Станционный смотритель, бывший солдат стрелкового батальона Степан Яковлев, около суток защищал в одиночку свою почтовую станцию. Он уничтожил более тридцати бандитов, пока не погиб. В 1877 году на месте его гибели была установлена памятная плита: «Бессрочно отпускной 3-го Туркестанского стрелкового батальона стрелок Степан Яковлев. Убит шайкой кокандцев, защищая Мурза-Рабатскую почтовую станцию 6 августа 1875 года. Доблестному туркестанскому воину на память, пожертвованиями проезжающих».
Не ответить на такое Российская империя не могла. Началась Кокандская война, которая длилась почти полгода. Первым городом, который принял на себя удар, был Ходжент. Воевало все русское население, потому что гарнизон был небольшой. Но подкрепление пришло скорое, атаку отбили, и началось вторжение в Коканд. Михаил Скобелев командовал отрядом из 8 казачьих сотен, сведенных по две в 4 дивизиона. Константин Кауфман командовал основным корпусом — 16 рот пехоты, 20 орудий, 8 ракетных станков и 8 казачьих сотен. Против них было около 60 тысяч восставших.

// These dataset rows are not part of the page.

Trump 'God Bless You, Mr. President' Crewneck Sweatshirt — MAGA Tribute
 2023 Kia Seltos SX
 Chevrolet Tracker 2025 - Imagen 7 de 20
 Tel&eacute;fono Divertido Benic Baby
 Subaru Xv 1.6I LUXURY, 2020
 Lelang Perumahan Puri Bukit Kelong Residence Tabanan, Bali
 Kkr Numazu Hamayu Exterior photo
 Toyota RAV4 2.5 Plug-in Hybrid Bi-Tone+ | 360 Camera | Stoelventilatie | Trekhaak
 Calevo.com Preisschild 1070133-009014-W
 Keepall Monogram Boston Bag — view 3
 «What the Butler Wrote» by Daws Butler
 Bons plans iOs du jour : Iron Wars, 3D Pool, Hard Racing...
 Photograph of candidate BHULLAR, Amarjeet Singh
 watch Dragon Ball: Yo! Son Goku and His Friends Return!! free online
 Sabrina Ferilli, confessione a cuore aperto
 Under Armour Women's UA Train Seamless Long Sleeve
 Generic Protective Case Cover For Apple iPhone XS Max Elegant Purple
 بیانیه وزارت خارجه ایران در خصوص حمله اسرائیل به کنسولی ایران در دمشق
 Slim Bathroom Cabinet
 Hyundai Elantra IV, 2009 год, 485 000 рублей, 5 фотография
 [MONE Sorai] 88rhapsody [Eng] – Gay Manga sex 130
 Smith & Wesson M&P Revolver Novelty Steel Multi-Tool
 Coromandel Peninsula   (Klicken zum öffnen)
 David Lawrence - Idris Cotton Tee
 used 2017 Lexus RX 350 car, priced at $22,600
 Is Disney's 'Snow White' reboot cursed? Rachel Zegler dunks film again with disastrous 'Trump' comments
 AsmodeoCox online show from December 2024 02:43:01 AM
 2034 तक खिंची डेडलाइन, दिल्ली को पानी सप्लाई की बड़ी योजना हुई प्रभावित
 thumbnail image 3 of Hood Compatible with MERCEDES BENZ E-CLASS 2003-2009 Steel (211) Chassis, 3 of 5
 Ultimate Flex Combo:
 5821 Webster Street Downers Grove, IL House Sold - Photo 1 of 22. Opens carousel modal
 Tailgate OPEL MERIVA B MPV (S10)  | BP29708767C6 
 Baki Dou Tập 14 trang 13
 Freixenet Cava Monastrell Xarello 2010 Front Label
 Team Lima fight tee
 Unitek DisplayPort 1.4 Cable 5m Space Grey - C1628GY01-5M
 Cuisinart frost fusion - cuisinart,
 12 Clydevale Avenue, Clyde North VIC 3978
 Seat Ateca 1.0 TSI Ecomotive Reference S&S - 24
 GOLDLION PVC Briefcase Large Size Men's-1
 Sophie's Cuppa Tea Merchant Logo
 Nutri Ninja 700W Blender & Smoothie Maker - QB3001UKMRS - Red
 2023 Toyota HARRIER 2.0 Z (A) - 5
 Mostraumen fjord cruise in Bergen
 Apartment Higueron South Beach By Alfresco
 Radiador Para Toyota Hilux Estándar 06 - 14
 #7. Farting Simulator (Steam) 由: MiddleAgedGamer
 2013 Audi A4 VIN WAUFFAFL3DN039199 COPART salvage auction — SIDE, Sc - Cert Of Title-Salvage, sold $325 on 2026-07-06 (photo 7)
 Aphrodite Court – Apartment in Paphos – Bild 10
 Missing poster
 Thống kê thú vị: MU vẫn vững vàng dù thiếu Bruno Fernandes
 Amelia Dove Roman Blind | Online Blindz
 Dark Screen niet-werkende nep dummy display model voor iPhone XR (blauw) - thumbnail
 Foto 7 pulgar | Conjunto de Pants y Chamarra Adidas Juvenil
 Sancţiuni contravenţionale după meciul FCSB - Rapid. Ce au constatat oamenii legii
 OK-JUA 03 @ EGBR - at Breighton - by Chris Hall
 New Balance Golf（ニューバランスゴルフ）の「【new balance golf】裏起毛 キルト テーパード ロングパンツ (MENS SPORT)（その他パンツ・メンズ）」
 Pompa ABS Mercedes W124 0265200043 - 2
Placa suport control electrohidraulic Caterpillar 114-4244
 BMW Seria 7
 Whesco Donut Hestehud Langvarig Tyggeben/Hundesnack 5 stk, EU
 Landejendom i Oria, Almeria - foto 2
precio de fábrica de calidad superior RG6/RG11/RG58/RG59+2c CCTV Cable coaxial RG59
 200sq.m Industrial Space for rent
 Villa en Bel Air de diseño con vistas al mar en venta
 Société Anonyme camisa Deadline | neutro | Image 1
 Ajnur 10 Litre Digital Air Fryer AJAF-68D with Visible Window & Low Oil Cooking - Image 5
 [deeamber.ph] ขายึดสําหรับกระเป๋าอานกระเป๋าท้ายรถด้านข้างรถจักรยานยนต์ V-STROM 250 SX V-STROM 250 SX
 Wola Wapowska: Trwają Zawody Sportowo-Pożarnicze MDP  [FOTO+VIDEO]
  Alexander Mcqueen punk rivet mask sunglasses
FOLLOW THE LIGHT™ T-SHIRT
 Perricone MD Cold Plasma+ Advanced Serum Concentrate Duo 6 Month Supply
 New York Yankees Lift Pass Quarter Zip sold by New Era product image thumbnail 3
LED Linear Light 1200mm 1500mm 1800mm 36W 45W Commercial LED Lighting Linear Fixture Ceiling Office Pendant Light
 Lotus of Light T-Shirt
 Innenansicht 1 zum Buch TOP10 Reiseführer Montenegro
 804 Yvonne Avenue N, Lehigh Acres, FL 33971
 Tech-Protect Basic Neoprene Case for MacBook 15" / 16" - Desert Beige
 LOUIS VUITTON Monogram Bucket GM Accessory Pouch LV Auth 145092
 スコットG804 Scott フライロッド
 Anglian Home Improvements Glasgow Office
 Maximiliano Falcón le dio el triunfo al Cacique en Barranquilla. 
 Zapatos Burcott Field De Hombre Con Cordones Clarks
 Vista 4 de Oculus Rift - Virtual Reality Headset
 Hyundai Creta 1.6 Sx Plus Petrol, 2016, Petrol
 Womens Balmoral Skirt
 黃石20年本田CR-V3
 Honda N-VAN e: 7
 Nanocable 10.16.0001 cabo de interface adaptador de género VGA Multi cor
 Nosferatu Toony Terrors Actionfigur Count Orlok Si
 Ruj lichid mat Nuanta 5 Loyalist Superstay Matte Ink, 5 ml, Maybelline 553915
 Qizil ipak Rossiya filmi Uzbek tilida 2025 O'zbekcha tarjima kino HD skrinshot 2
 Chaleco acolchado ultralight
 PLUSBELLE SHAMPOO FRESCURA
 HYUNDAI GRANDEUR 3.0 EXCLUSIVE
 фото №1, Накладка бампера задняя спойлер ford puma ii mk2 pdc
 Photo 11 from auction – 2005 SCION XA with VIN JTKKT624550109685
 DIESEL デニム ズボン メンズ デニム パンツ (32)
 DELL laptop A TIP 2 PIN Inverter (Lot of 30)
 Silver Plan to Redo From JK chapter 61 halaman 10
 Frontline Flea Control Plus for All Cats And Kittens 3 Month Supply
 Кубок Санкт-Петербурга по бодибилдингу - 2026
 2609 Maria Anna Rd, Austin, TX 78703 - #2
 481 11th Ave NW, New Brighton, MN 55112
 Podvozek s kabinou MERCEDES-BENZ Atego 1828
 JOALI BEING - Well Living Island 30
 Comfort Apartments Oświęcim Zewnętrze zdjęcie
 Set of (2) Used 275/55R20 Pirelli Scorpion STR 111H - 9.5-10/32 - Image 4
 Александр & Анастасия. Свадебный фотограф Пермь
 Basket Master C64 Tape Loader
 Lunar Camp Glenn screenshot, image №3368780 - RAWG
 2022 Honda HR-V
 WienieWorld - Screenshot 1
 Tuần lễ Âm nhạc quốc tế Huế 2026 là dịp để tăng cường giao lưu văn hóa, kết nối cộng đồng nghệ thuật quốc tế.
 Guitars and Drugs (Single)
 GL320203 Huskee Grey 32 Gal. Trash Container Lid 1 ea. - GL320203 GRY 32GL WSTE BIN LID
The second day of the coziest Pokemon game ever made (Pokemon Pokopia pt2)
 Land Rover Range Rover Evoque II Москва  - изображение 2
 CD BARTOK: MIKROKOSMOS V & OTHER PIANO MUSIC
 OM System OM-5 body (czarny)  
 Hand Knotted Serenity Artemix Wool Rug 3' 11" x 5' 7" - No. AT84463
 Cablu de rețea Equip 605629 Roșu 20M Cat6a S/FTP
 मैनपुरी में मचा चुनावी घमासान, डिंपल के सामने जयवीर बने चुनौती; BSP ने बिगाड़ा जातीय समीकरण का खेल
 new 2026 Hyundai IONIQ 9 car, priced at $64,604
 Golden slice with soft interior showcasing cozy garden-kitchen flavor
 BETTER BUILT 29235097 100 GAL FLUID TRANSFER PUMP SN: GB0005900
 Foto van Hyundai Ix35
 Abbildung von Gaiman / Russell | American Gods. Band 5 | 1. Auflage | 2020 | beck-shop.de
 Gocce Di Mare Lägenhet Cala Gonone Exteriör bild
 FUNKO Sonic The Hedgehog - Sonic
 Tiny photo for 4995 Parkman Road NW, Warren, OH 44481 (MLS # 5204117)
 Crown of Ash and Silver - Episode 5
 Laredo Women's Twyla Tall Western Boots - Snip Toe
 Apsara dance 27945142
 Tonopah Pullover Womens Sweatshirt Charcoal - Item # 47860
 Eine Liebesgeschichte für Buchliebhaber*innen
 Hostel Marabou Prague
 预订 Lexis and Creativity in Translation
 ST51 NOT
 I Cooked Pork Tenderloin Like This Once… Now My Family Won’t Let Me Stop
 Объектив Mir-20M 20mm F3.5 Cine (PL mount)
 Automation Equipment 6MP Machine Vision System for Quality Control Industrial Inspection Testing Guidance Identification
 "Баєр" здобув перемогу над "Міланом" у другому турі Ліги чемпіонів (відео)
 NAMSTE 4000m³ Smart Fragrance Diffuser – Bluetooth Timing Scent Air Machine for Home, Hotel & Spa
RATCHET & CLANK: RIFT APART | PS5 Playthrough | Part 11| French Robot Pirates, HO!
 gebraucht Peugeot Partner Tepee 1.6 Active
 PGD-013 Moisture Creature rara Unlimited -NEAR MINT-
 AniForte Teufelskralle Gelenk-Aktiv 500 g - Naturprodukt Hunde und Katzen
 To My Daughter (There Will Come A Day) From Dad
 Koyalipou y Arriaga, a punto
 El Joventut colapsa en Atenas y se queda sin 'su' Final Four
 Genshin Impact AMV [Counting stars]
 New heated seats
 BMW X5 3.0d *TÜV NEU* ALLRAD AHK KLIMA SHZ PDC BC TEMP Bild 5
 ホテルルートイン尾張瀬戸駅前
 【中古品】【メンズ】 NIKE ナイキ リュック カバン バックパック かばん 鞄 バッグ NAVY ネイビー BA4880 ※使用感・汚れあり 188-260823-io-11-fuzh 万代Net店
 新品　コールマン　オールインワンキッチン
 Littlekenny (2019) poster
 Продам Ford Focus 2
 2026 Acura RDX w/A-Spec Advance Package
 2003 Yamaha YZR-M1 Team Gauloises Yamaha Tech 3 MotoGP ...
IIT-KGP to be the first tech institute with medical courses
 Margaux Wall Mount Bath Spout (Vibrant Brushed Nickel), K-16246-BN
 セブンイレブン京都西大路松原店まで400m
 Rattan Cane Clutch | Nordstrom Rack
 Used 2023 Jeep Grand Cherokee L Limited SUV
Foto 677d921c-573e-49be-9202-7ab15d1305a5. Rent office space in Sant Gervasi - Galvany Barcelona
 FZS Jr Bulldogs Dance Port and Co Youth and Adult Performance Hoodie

22 августа русские войска взяли кокандскую крепость Махрам. Казаки под командованием Скобелева преследовали бежавших защитников крепости на протяжении 12 километров и рубили их без всякой пощады. В крепости было захвачено 39 орудий, 1500 ружей, склады пороха, свинца, большие запасы продовольствия, 224 лошади. Скобелев получил сабельное ранение ноги. Потери кокандцев точно не известны. В одной статье так и писали:
«Потерю неприятеля в деле под Махрамом трудно определить в точных цифрах. В укрепленной позиции и в крепости Махраме найдено и погребено с лишком 100 трупов; на поле за Махрамом, где неприятель попал под шашки казаков, погребено, под наблюдением отрядных джигитов, до 1,000 тел; конвойною сотнею генерала фон-Кауфмана порублено до 100 человек, при преследовании вниз по реке. Сколько неприятель потерял всадников, действовавших против нашего отряда со стороны гор, равно как и число их раненых, неизвестно. Множество коканцев потоплено в Сырдарье. Словом, погром вышел жестокий в возмездие за дерзкое нарушение нашей границы, за вторжение в наши пределы и беспокойство наших подданных»[254].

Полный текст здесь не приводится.